Mais, déjà, en empêchant les forces armées maliennes d’entrer à Kidal pour parachever l’Opération Serval, la France a fait de la Cité de l’Adrar des Ifoghas «un véritable enjeu géopolitique et géostratégique».

La région demeure toujours un No man’s land où prospère le narcotrafic à la base du terrorisme dans la bande sahélo-saharienne. La situation de Kidal justifie en partie le retour en force des réseaux terroristes comme Ançar Dine sabordant ainsi les efforts pour la paix et la réconciliation.

Et cela malgré la présence des forces françaises Barkhane et de la Minusma sous la bannière des Nations unies. L’objectif principal de la Minusma devait être son soutien à l’Etat malien pour le  rétablissement de  son intégrité territoriale.

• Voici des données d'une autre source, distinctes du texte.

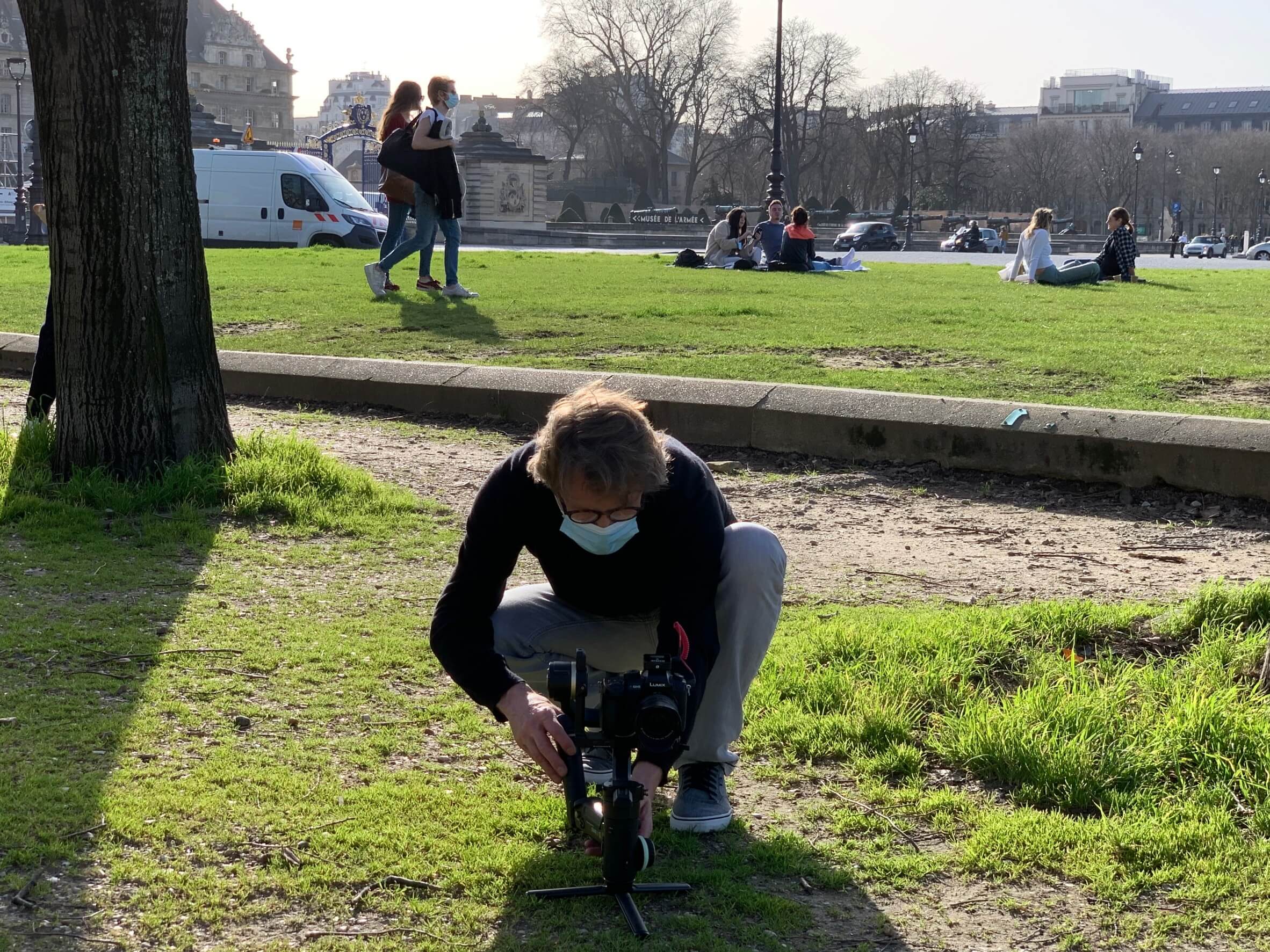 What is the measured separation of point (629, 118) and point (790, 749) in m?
87.1

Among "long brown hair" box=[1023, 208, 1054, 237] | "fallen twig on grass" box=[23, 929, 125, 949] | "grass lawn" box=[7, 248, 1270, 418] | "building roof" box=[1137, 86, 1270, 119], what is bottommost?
"fallen twig on grass" box=[23, 929, 125, 949]

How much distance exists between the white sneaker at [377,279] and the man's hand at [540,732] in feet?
34.3

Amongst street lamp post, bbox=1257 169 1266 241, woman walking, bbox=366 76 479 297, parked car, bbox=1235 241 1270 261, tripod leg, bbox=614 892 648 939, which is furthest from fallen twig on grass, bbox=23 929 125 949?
street lamp post, bbox=1257 169 1266 241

Hélas ! Sa présence continue à fragiliser le pays car elle est incapable même de peser sur la mise en œuvre de l’Accord pour la paix et la réconciliation nationale signée en 2015 (mai et juin).

Cela d’autant qu’elle est contrainte de fermer les yeux sur le double jeu de certains groupes armés signataires de cet Accord, notamment le HCUA qui flirte avec Iyad Ag Ghali au vu et au su de la satanée «Médiation Internationale» dont la pression ne s’exerce que sur le gouvernement malien.

La Coalition Patriotique Pour le Mali (CPM)  dans ses analyses et constats, «trouve inadmissible la gestion faite par la communauté internationale, la France en tête, de la question de KIDAL, du moment où elle est plus préoccupée par l’exploration et l’exploitation de nos ressources que par le soutien à notre Etat de recouvrer son intégrité».

Cette organisation prévoit ce matin (mercredi 21 septembre 2016) la Grande marche pacifique de soutien aux Forces armées maliennes et à la Plateforme pour le rétablissement immédiat de l’intégrité territoriale du Mali.

 

Le centre est en train d’échapper au pays déjà malade de son nord

Comme le déplorent les responsables de la CPM, «toutes les réflexions et  débats  objectifs sur la situation du nord de notre pays concluent à  une véritable impasse dans laquelle nous sommes».

Et pourtant l’Accord pour la paix et la réconciliation nationale stipule clairement que l’intégrité territoriale du Mali soit établie 60 jours après sa signature.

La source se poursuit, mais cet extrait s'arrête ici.